There are many churches in the city but the most famous is the Church of Agios Spiridonas (St Spyridon) because it hosts the preserved body of the patron saint of the city and it also includes a very interesting bell tower. In the Anemomilos area, the Churches of Agios Iason and Sosipatros are also very interesting: they are byzantine temples with the shape of the cross and an octagonal dome. It is also worth visiting the cathedral PanAgia Spiliotisa, Agia Theodora, the monastery of Platiteras, the Virgin of the Foreigners, and the Catholic Cathedral of St Jacob –built in the 16th century.

The most important museums are the Archaeological Museum, with valuable items found on the island, and the Museum of Byzantine and Post byzantine Art, located in the church of Panagia Andivouniotisa, where you can see a priceless collection of icons and relics, including paintings of famous and anonymous artists. It is worth visiting the Asian Art Museum, located in the Spianada square –it is the only museum in Greece that displays oriental collections (China, Japan, and Korea) and collections from India– and the Museum of Dionisios Solomos, dedicated to the national Greek poet.


The biggest island of the Ionian Sea, Κephalonia, covers an area of 786 km2, including 250 km of coastline, and is located in front of the Western Coast of the Peloponnese. Its capital is Argostoli, the island’s main port. This island is rich in green forests, filled with fir trees and banana trees. Its lush woods and large vineyards, which produce the delicious wines of Κephalonia, have been known since the Ancient times.

The capital and main port, called Argostoli, is a modern town that was completely reconstructed after the terrible earthquake of 1953. It has beautiful buildings, most of which still conserve their majestic style, with big squares and picturesque neighbourhoods. The cathedral of the city, Evangelistria, is worth seeing as well.

Three kilometres on the south of the town, in the area of Spilia, there is a cave called Agios Gerasimos. He was the saint patron of the island in which he lived. In the valley of Omalon, at the foot of Mount Ainos, there is a monastery with his name where his remains are kept.

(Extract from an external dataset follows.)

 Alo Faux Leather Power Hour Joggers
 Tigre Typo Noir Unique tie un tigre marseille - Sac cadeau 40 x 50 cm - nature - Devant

Close to Lixouri, you will find Paleokastro, an important archaeological site where the remains of the ancient town of Pali were discovered. In Kontogenada there are Mycenaean tombs and churches with Postbyzantine icons

Northwest from Argostoli you can find Sami, the main port of Κephalonia, connected to Italy. Here, archaeological excavations unearthed important artefacts and remains from the Hellenic and Roman period, as well as remains of Cyclopean walls.

It is worth visiting the Karavomilos Lake, formed by subterranean water coming from Argostoli and the Melissani cave, with sea water, known for its turquoise colour. A little further, in the South-West, you can find Drogarati cave, with impressive stalactites and stalagmites and breath-taking acoustics.